Source data:
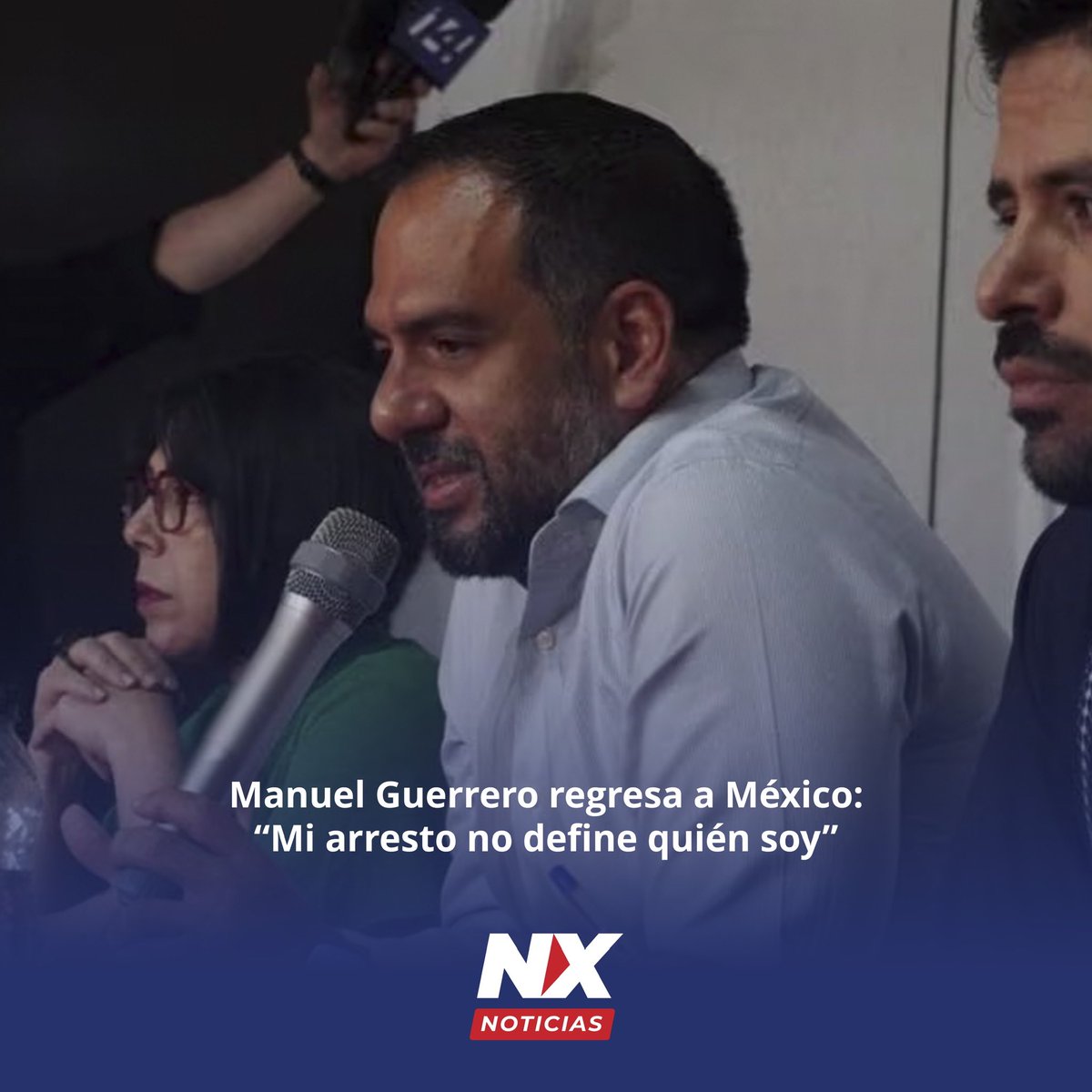 Manuel Guerrero regresa a México: “Mi arresto no define quién soy”

El mexicano-británico, Manuel Guerrero, regresó a México y ofreció una conferencia de prensa donde aseguró que su arresto en Qatar, durante un operativo contra miembros de la comunidad LGBT, no lo define como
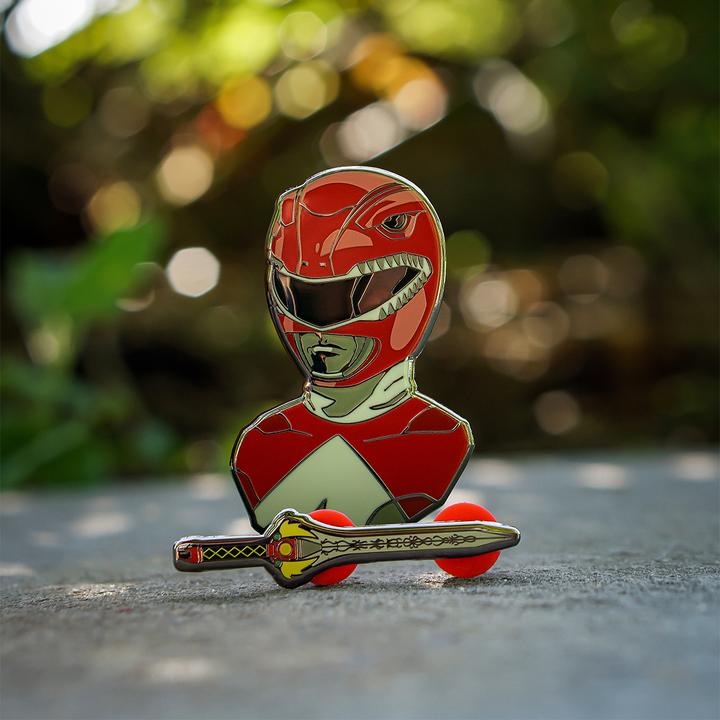 Power Rangers Red Ranger Luxury Enamel Pin - Pin - The Hooded Goblin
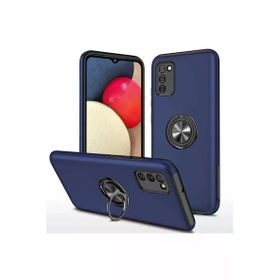 Newface Samsung Galaxy A02S Elit Yüzüklü Kapak - Lacivert Kılıf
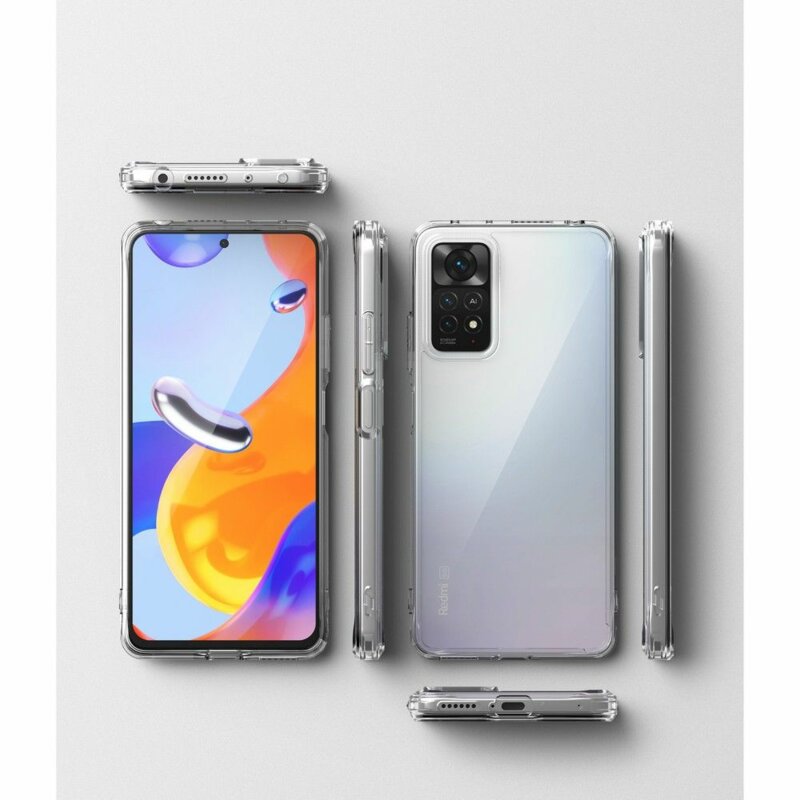 Husa Xiaomi Redmi Note 12 Pro 4G Ringke Fusion X, transparenta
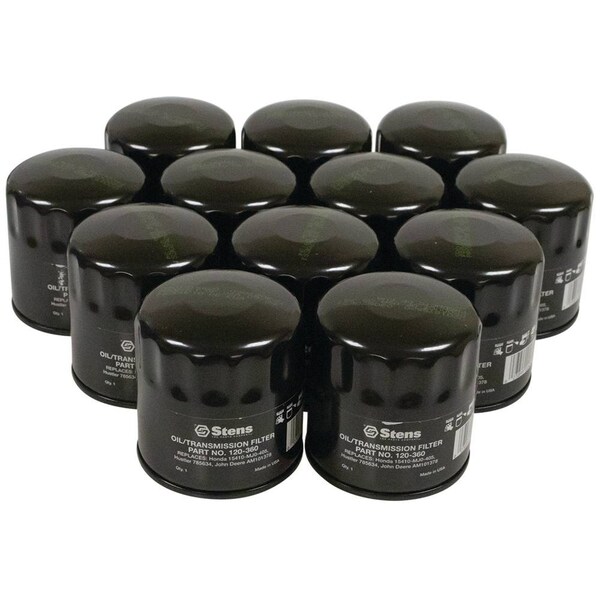 Stens Oil Filter Shop Pack For Bobcat S70, S100, 313, 316, 320, 322, 323, 443, 443B, 453 (12-Pack) - 120-360-12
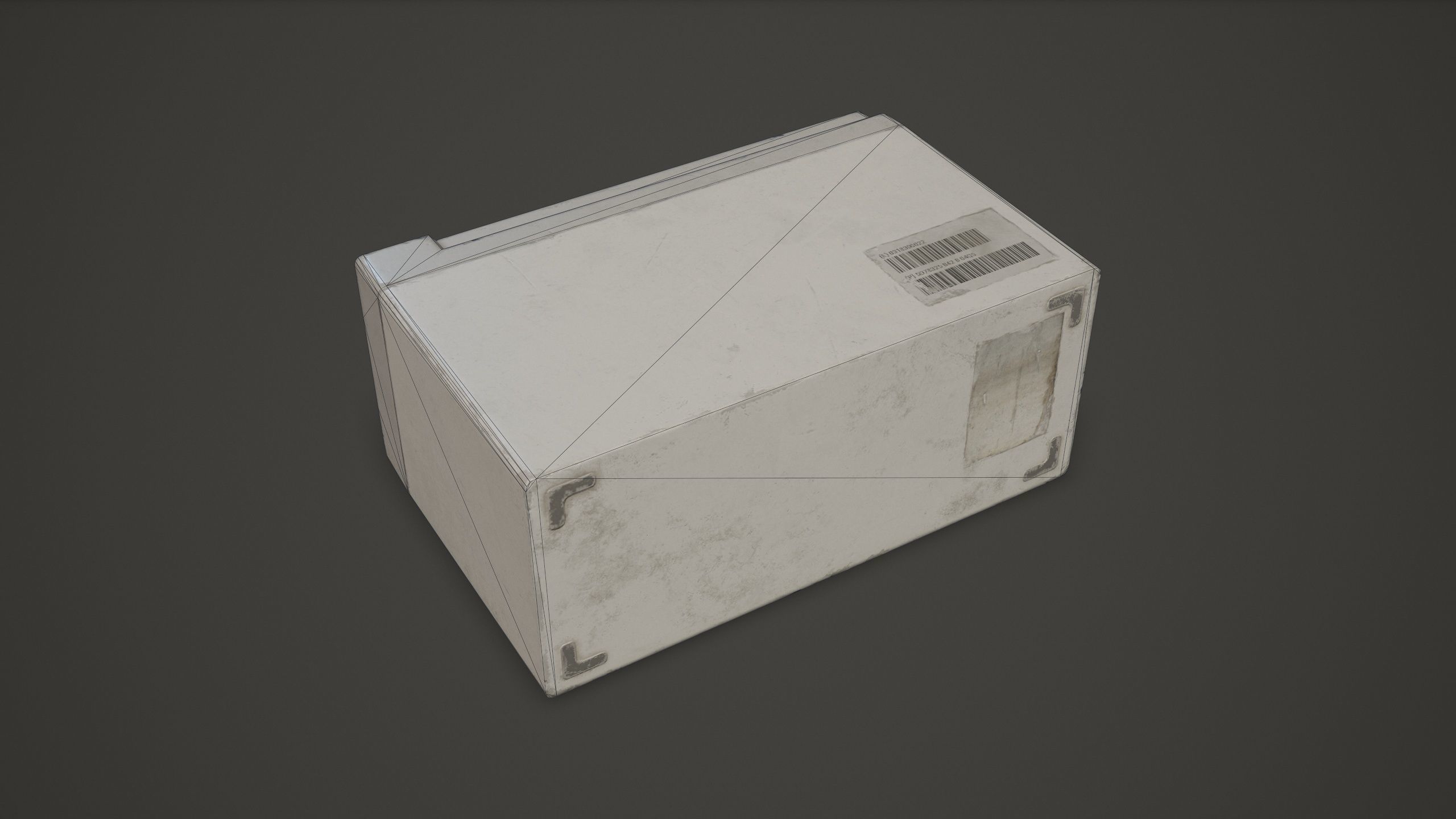 Battery FE 12 Volt - PBR Game Ready LODs Low-poly 3D model_16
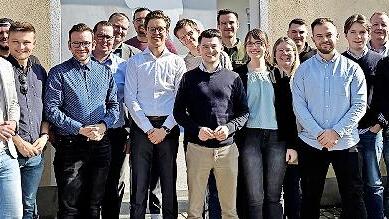 Das F&uuml;hrungsteam der Jungen Union Coburg-Land nach der Neuwahl.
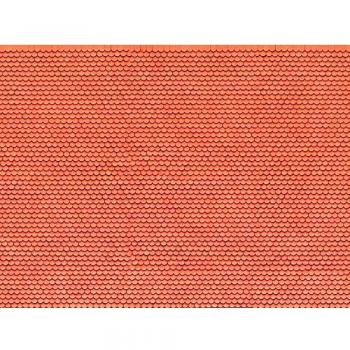 Dalle de Plaque en Carton 3D pour Modélisme alsaciennne Rouge Universelle NOCH 0056690
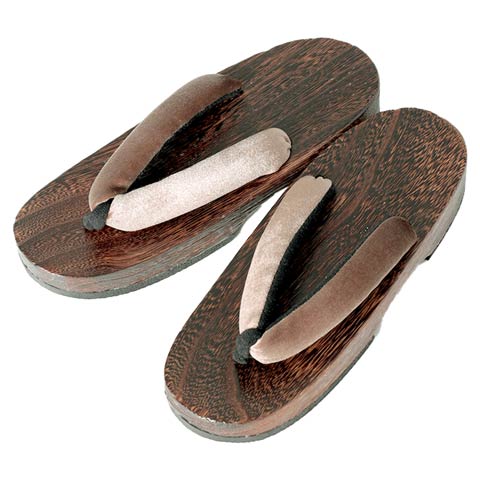 [単品]シンプルバイカラー下駄【YUKATA by dazzy 2025】(モカ-フリーサイズ)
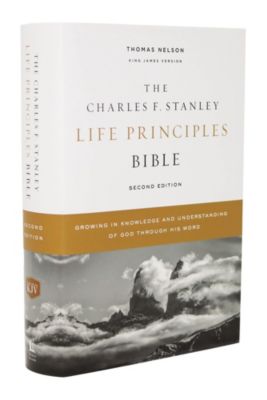 KJV Charles F. Stanley Life Principles Bible, 2nd Edition, Hardcover, Comfort Print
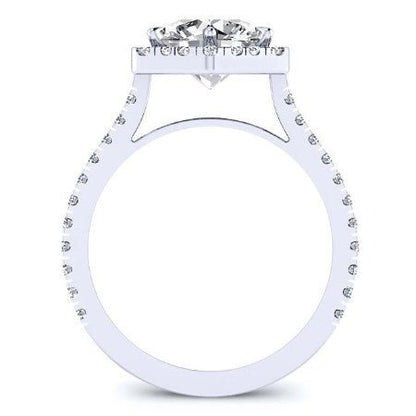 Cypress Diamond Matching Band Only (engagement Ring Not Included) For Ring With Round Center whitegold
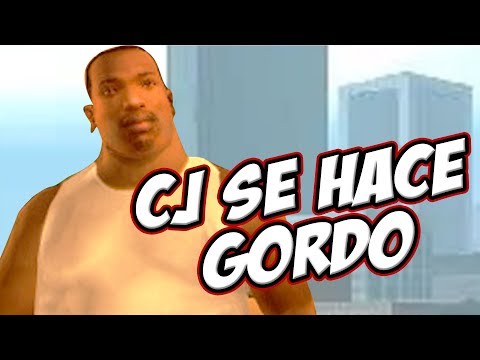 CJ SE HACE GORDO | GTA SAN ANDREAS LOQUENDO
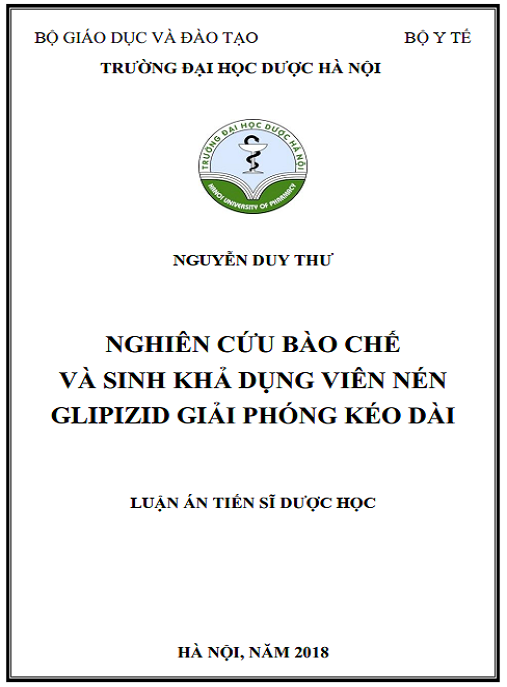 Luận án Nghiên cứu bào chế và sinh khả dụng viên nén glipizid giải phóng kéo dài
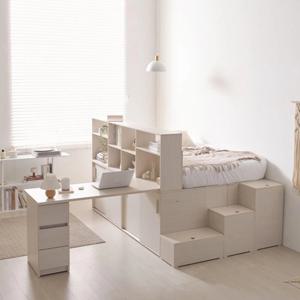 학생방 원룸 오피스텔 책상 책장 침대 일체형 세트 SS 프리미엄 자녀방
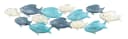 Levandeo® Wandbild Wandskulptur Fische Blau Grau Creme Maritim Bild 2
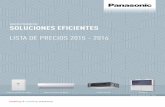 LISTA DE PRECIOS 2015 - 2016 - simslu.essimslu.es/uploads/secure/158/5/TARIFA PANASONIC 2015.pdf · bomba de calor aire-agua aquarea bomba de calor aire-aire domÉstica comercial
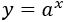 y=a^x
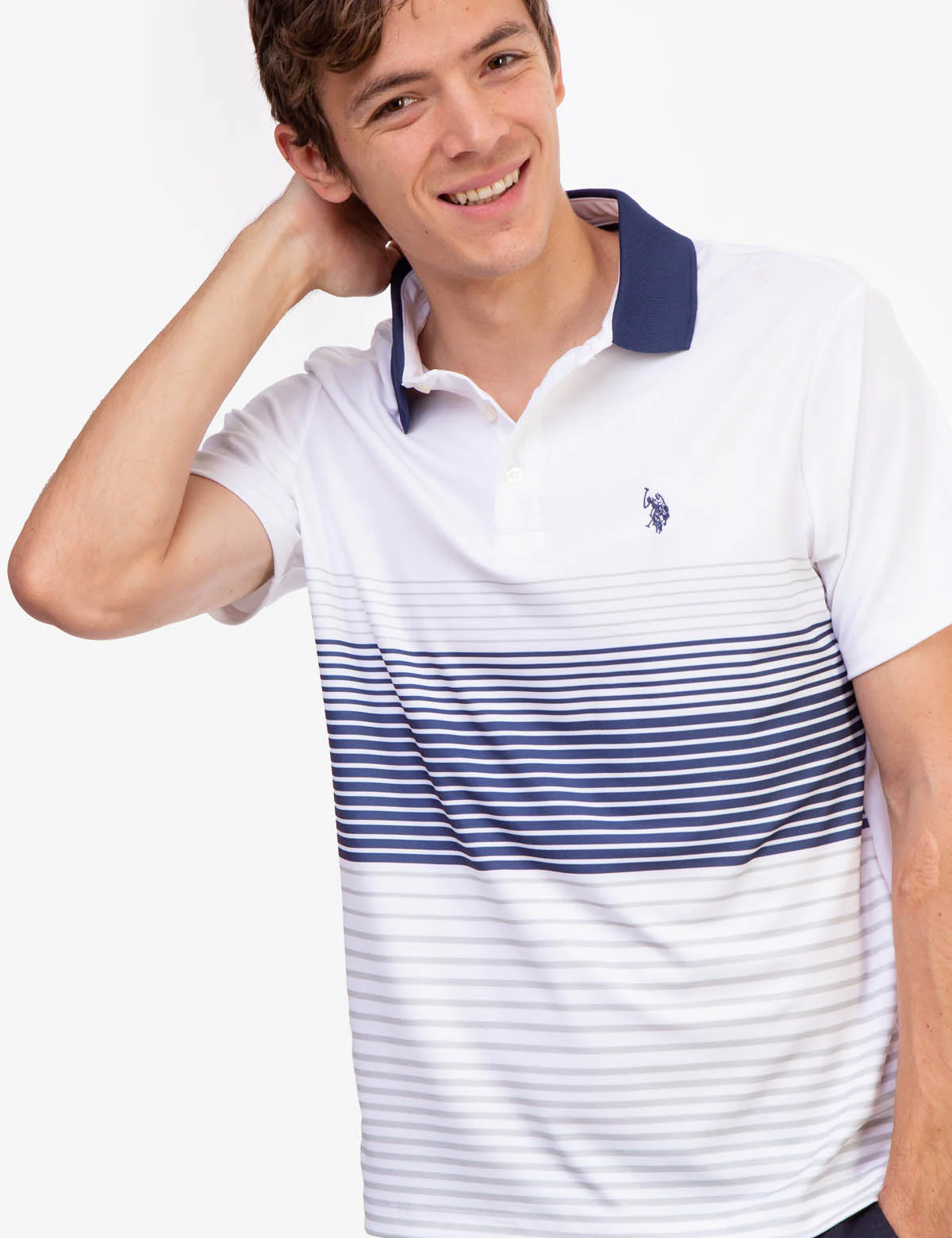 INTERLOCK ENGINEERED PRINT POLO SHIRT - Image 2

Exercise objective: Every record should come back exactly as it is, though none of the pictures should.

Task answer:
 Manuel Guerrero regresa a México: “Mi arresto no define quién soy”

El mexicano-británico, Manuel Guerrero, regresó a México y ofreció una conferencia de prensa donde aseguró que su arresto en Qatar, durante un operativo contra miembros de la comunidad LGBT, no lo define como
 Power Rangers Red Ranger Luxury Enamel Pin - Pin - The Hooded Goblin
 Newface Samsung Galaxy A02S Elit Yüzüklü Kapak - Lacivert Kılıf
 Husa Xiaomi Redmi Note 12 Pro 4G Ringke Fusion X, transparenta
 Stens Oil Filter Shop Pack For Bobcat S70, S100, 313, 316, 320, 322, 323, 443, 443B, 453 (12-Pack) - 120-360-12
 Battery FE 12 Volt - PBR Game Ready LODs Low-poly 3D model_16
 Das F&uuml;hrungsteam der Jungen Union Coburg-Land nach der Neuwahl.
 Dalle de Plaque en Carton 3D pour Modélisme alsaciennne Rouge Universelle NOCH 0056690
 [単品]シンプルバイカラー下駄【YUKATA by dazzy 2025】(モカ-フリーサイズ)
 KJV Charles F. Stanley Life Principles Bible, 2nd Edition, Hardcover, Comfort Print
 Cypress Diamond Matching Band Only (engagement Ring Not Included) For Ring With Round Center whitegold
 CJ SE HACE GORDO | GTA SAN ANDREAS LOQUENDO
 Luận án Nghiên cứu bào chế và sinh khả dụng viên nén glipizid giải phóng kéo dài
 학생방 원룸 오피스텔 책상 책장 침대 일체형 세트 SS 프리미엄 자녀방
 Levandeo® Wandbild Wandskulptur Fische Blau Grau Creme Maritim Bild 2
 LISTA DE PRECIOS 2015 - 2016 - simslu.essimslu.es/uploads/secure/158/5/TARIFA PANASONIC 2015.pdf · bomba de calor aire-agua aquarea bomba de calor aire-aire domÉstica comercial
 y=a^x
 INTERLOCK ENGINEERED PRINT POLO SHIRT - Image 2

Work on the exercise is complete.